Your assignment =>
Word for word, restate the listing that follows and leave out the images.
:: Dataset section ::
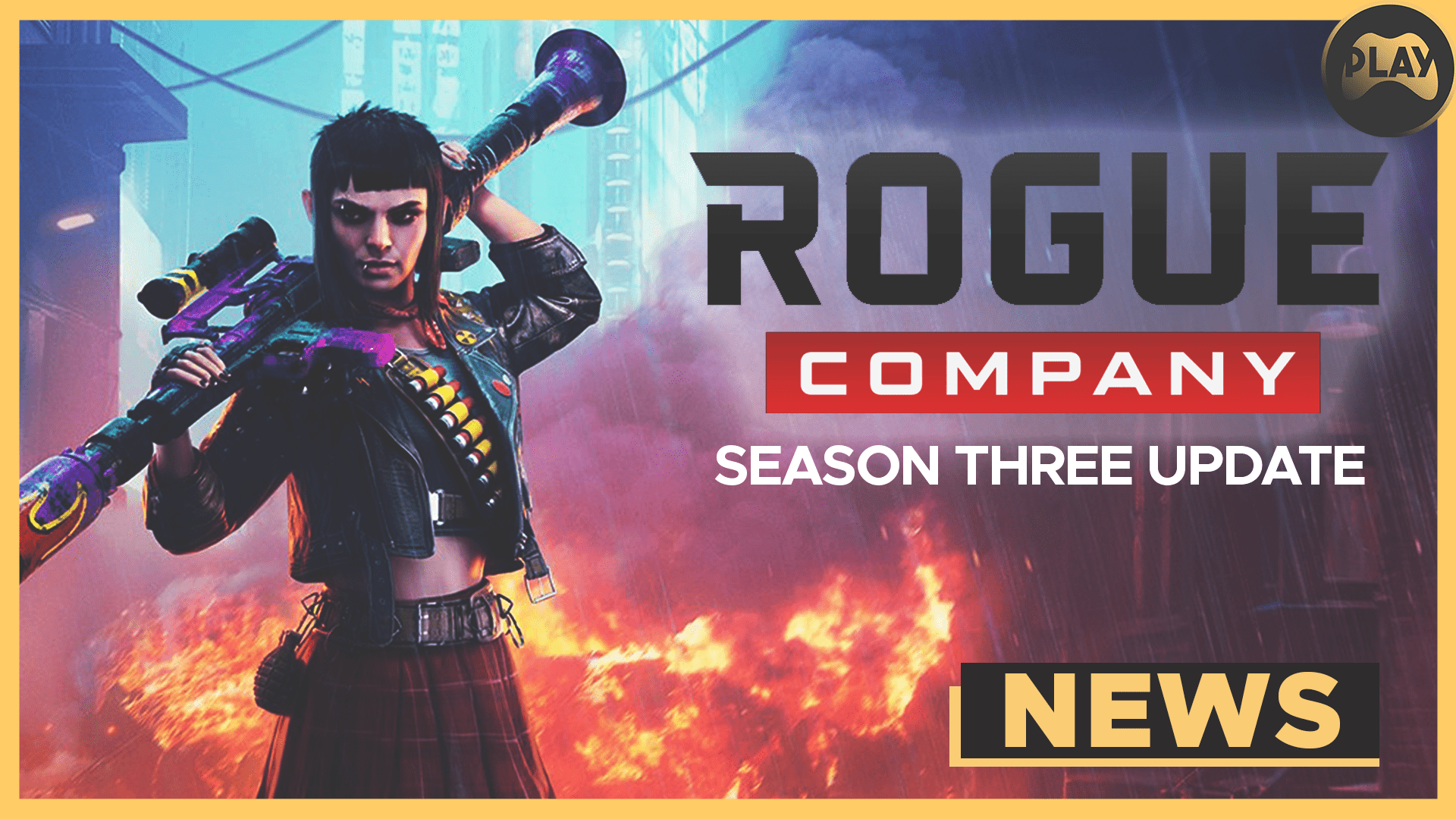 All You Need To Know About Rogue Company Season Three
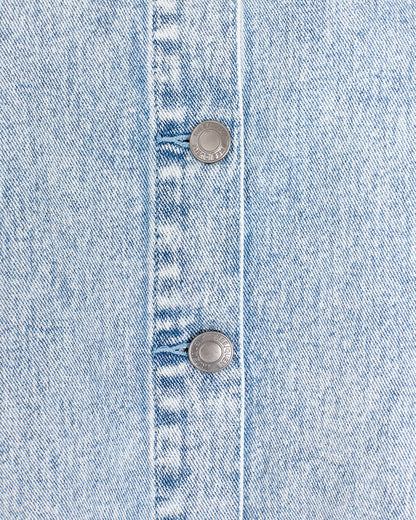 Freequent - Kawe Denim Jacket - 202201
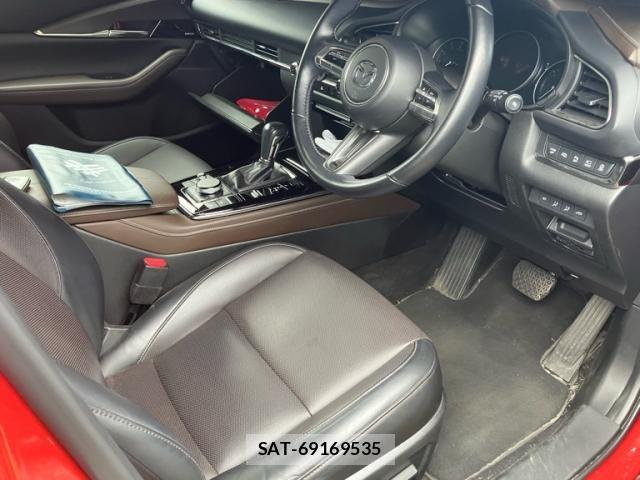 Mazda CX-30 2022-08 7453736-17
:::
Exercise output =>
 All You Need To Know About Rogue Company Season Three
 Freequent - Kawe Denim Jacket - 202201
 Mazda CX-30 2022-08 7453736-17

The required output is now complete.